The book is about June, her older sister Greta, their late Uncle Finn, and Finn’s partner Toby. Finn is June and Greta’s mother’s brother, and both adults are talented artists. But one is doing taxes and one is dying of AIDS. Like I said, it’s complicated.

The writing is beautiful. Some of the main points are kind of unbelievable–like two girls from Westchester can get up in the middle of the night and drive to Bellevue without their parents noticing, etc. But overall the emotional range of the characters and the plot driven by their needs, angers, and hopes holds up well. Everybody wants something. Not everybody can say what they want, or why they don’t want some of their other family members not to get what they want. That’s the point around which the action rotates.

If you like character-driven drama, you will love this book. If you remember ’80s AIDS–ignoring, exploring, deploring–you will love this book. If you have no patience with unresolved plot points, you might not. There are some loose threads left dangling, but as Stephen King says, “Life has a lot of those. Why shouldn’t writing?”

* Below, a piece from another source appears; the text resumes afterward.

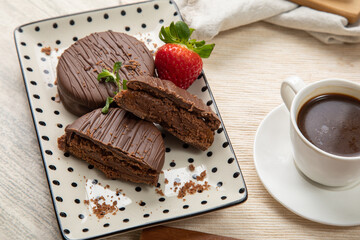 Chocolate alfajores stuffed biscuits argentinian peruvian sweet dessert food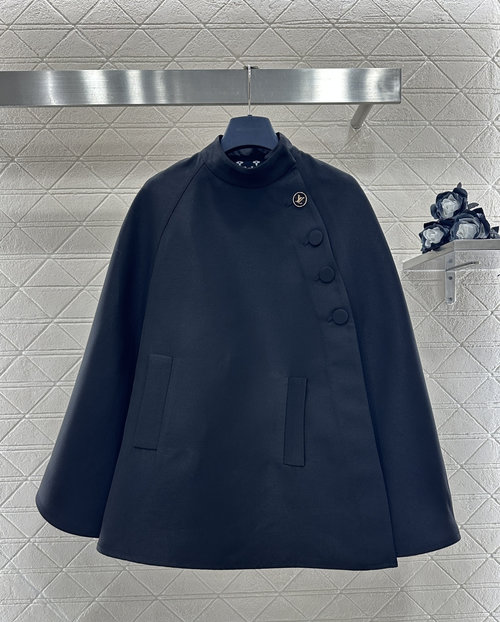 Louis Vuitton Customized Imported Material Collared Cloak with Stylish Details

The weirdest part for me, but the part that many reviewers liked the most, is how the sisters used a painting their uncle had done of them to communicate with each other. Worth a lot on the art market, the girls deface it to send coded messages when words fail them. It was an intriguing take on the art book genre.

Overall, I love the way Brunt writes, and how intensely she draws her main characters. One paintbrush up for TELL THE WOLVES I’M HOME.